首相によるプラント輸出のセールス行脚に電力各社の再稼働申請ラッシュ――。
東京電力福島第1原子力発電所の事故を機に「見直し」が進むはずだった原発推進政策が、再び“国策”の様相を帯び始めている。
きっかけは言うまでもなく、昨年12月の政権交代。アベノミクス効果で早々に株価を押し上げた安倍晋三首相(58)は、高支持率を背景に7月21日投票の参院選後、こうした「原発逆コース」路線を一段と鮮明にする公算が大きい。

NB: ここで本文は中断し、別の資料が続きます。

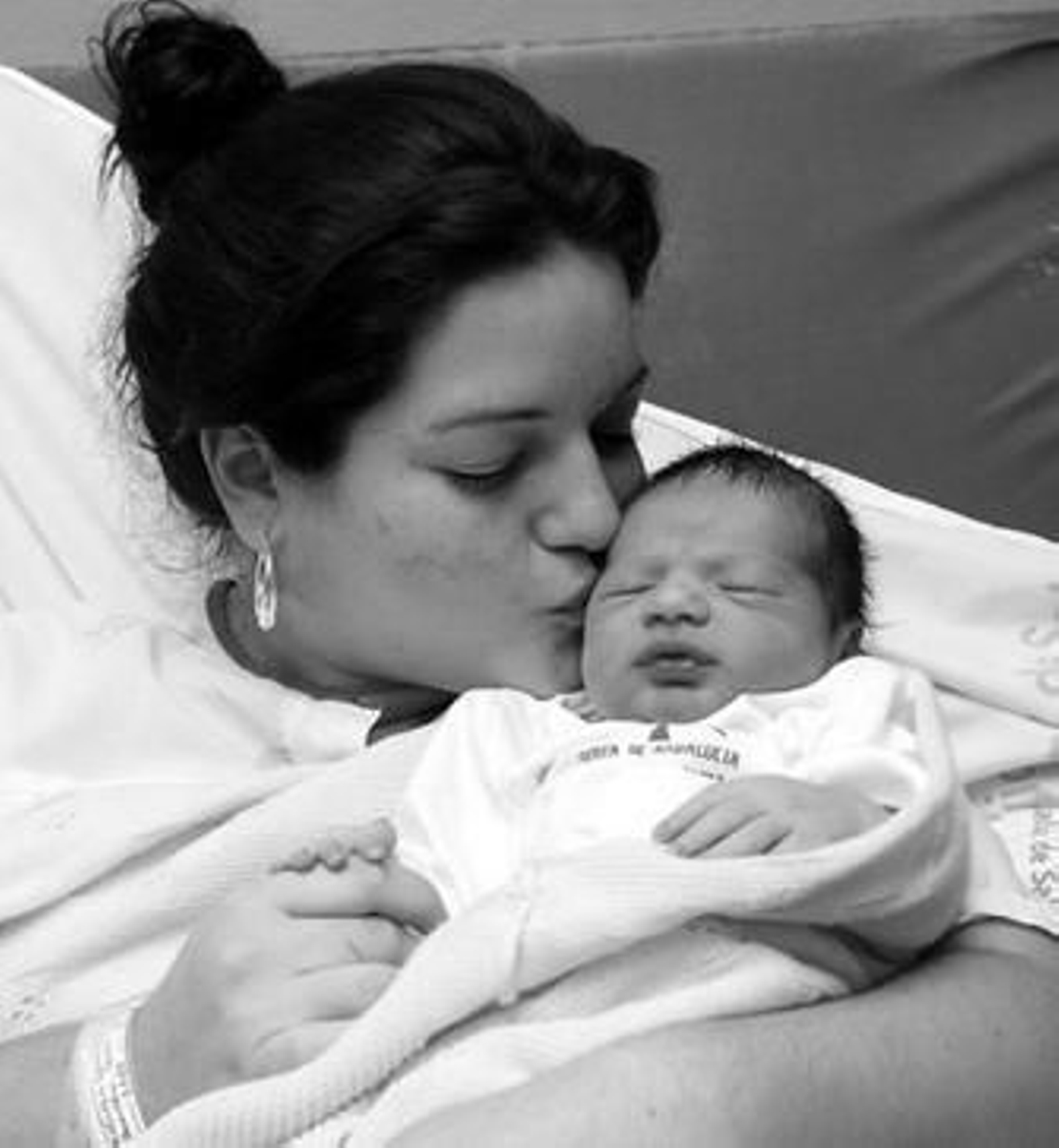 Antonia González de Quevedo besando a su pequeño José María.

だが、原発の安全を担う規制機関は体制に不安が伴う。原子力規制委員会は独立性の強い『3条委員会』になったとはいえ、事務局として支える原子力規制庁のスタッフは、福島事故に際して“使い物にならなかった”あの原子力安全・保安院や原子力安全委員会、文部科学省環境モニタリング部門などからの横滑りなのである。自前の人材育成に力を注ぐとはいっても、長年染み付いた馴れ合いのカルチャーを180度変えるのは至難の業だ。安倍政権の閣僚は「安全が確認された原発から再稼働」と唱えるが、名称が変わっただけで人員は変わらない組織が確認する「安全」に、果たしてどんな意味があるのか。